One-Dimensional Convolution

Convolutional networks turn out to be useful not only (two-dimensional) images, but also on things like time-series (one-dimensional) and video (three-dimensional).

We’ve seen how convolutional networks can learn to extract features from (two-dimensional) images. It turns out that convnets can also learn to extract features from things like time-series (one-dimensional) and video (three-dimensional).

In this (optional) exercise, we’ll see what convolution looks like on a time-series.

The time series we’ll use is from Google Trends. It measures the popularity of the search term “machine learning” for weeks from January 25, 2015 to January 15, 2020.

import pandas as pd

# Load the time series as a Pandas dataframe
machinelearning = pd.read_csv(
    '../input/computer-vision-resources/machinelearning.csv',
    parse_dates=['Week'],
    index_col='Week',
)

machinelearning.plot();

What about the kernels? Images are two-dimensional and so our kernels were 2D arrays.

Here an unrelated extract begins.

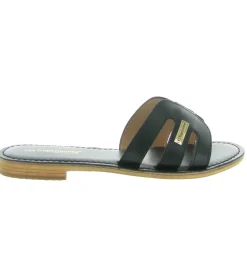 sandales et nu pieds - Mule Sabot - femme - Cuir - Noir - Les tropeziennes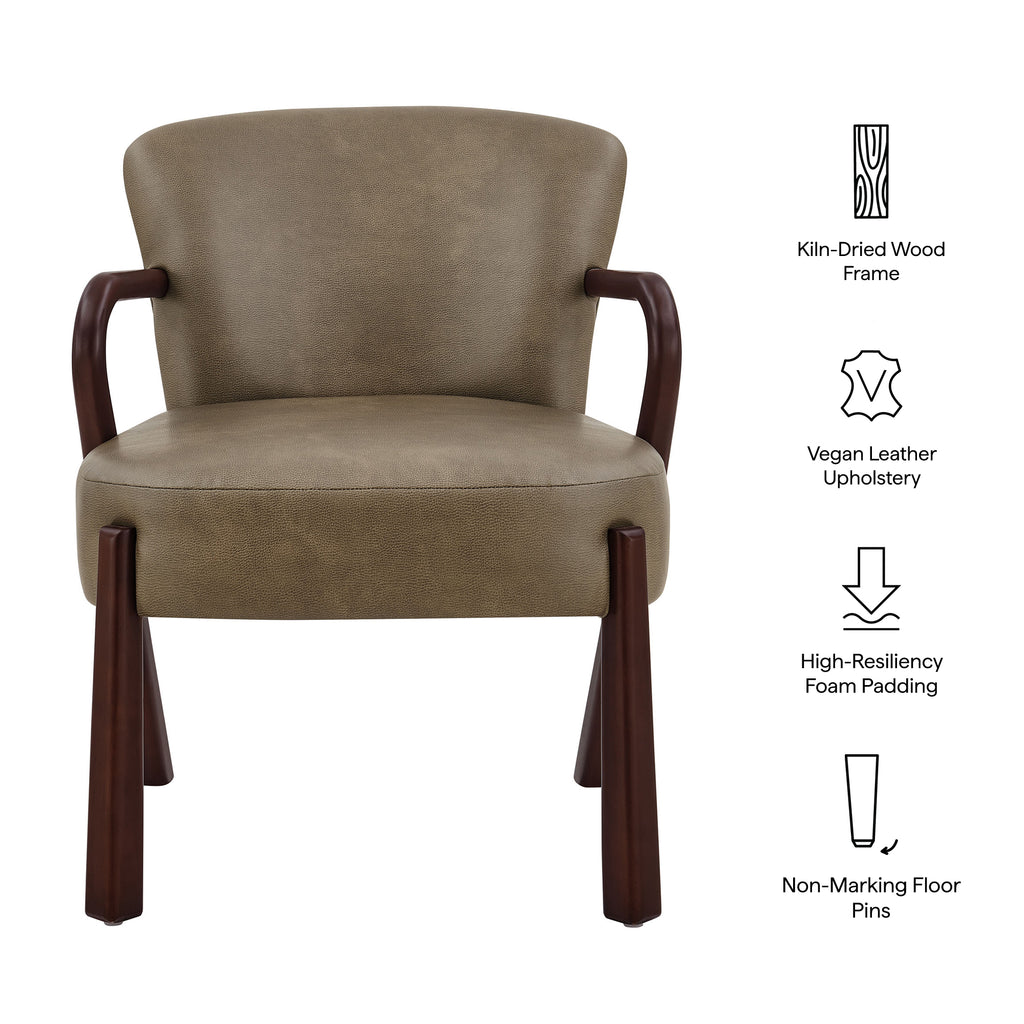 Arden Faux Leather Upholstered Accent Armchair - Mushroom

A time-series is one-dimensional, so what should the kernel be? A 1D array! Here are some kernels sometimes used on time-series data:

detrend = tf.constant([-1, 1], dtype=tf.float32)

average = tf.constant([0.2, 0.2, 0.2, 0.2, 0.2], dtype=tf.float32)

spencer = tf.constant([-3, -6, -5, 3, 21, 46, 67, 74, 67, 46, 32, 3, -5, -6, -3], dtype=tf.float32) / 320

Convolution on a sequence works just like convolution on an image. The difference is just that a sliding window on a sequence only has one direction to travel – left to right – instead of the two directions on an image. And just like before, the features picked out depend on the pattern on numbers in the kernel.

Can you guess what kind of features these kernels extract?

# UNCOMMENT ONE
kernel = detrend
# kernel = average
# kernel = spencer

# Reformat for TensorFlow
ts_data = machinelearning.to_numpy()
ts_data = tf.expand_dims(ts_data, axis=0)
ts_data = tf.cast(ts_data, dtype=tf.float32)
kern = tf.reshape(kernel, shape=(*kernel.shape, 1, 1))

ts_filter = tf.nn.conv1d(
    input=ts_data,
    filters=kern,
    stride=1,
    padding='VALID',
)

# Format as Pandas Series
machinelearning_filtered = pd.Series(tf.squeeze(ts_filter).numpy())

machinelearning_filtered.plot();

In fact, the detrend kernel filters for changes in the series, while average and spencer are both “smoothers” that filter for low-frequency components in the series.

If you were interested in predicting the future popularity of search terms, you might train a convnet on time-series like this one. It would try to learn what features in those series are most informative for the prediction.

Though convnets are not often the best choice on their own for these kinds of problems, they are often incorporated into other models for their feature extraction capabilities.